EU Unveils a new Sanctions on Russia to Reinforce Oil Price Cap Mechanism
- 2025-07-19 05:58:46

The European Union has approved its 18th package of sanctions against Russia, introducing a sweeping set of measures aimed at tightening enforcement of its oil price cap and curbing Moscow’s energy revenues amid the ongoing war in Ukraine.
At the heart of the new sanctions is a dynamic price ceiling on Russian crude oil, now set at 15% below the average market rate, effectively lowering the cap to $47.60 per barrel from the previous $60 benchmark. EU officials say the revised cap is designed to close loopholes and prevent Russia from profiting off discounted oil sales that have continued despite earlier restrictions.
The package also targets Russia’s so-called “shadow fleet”—aging tankers used to circumvent sanctions—with 105 additional vessels banned from EU ports and waters, bringing the total to over 400.
Transactions related to the Nord Stream gas pipelines have been prohibited, and all dealings with Russian financial institutions are now banned.
In a notable escalation, the EU will also bar imports of petroleum products refined from Russian crude, even if processed in third countries, with exceptions only for select allies such as the US, UK, and Norway.
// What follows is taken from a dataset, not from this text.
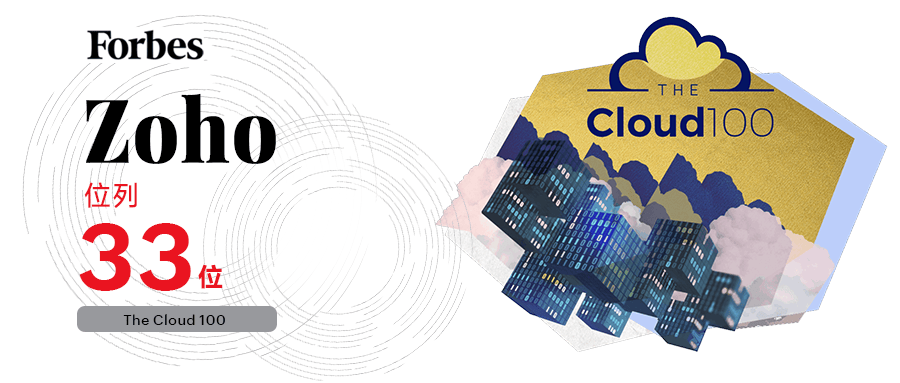 5大关键词，看完Zoho2025年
The sanctions extend to entities in China, Hong Kong, Turkey, and India, including Nayara Energy, a refinery partially owned by Russia’s Rosneft.
EU foreign policy chief Kaja Kallas called the package “one of the strongest to date,” emphasizing that the bloc will “keep raising the costs so stopping the aggression becomes the only path forward for Moscow”.
Despite the EU’s assertive stance, analysts caution that enforcement remains challenging without US backing, as global oil transactions are largely dollar-denominated and routed through American financial systems.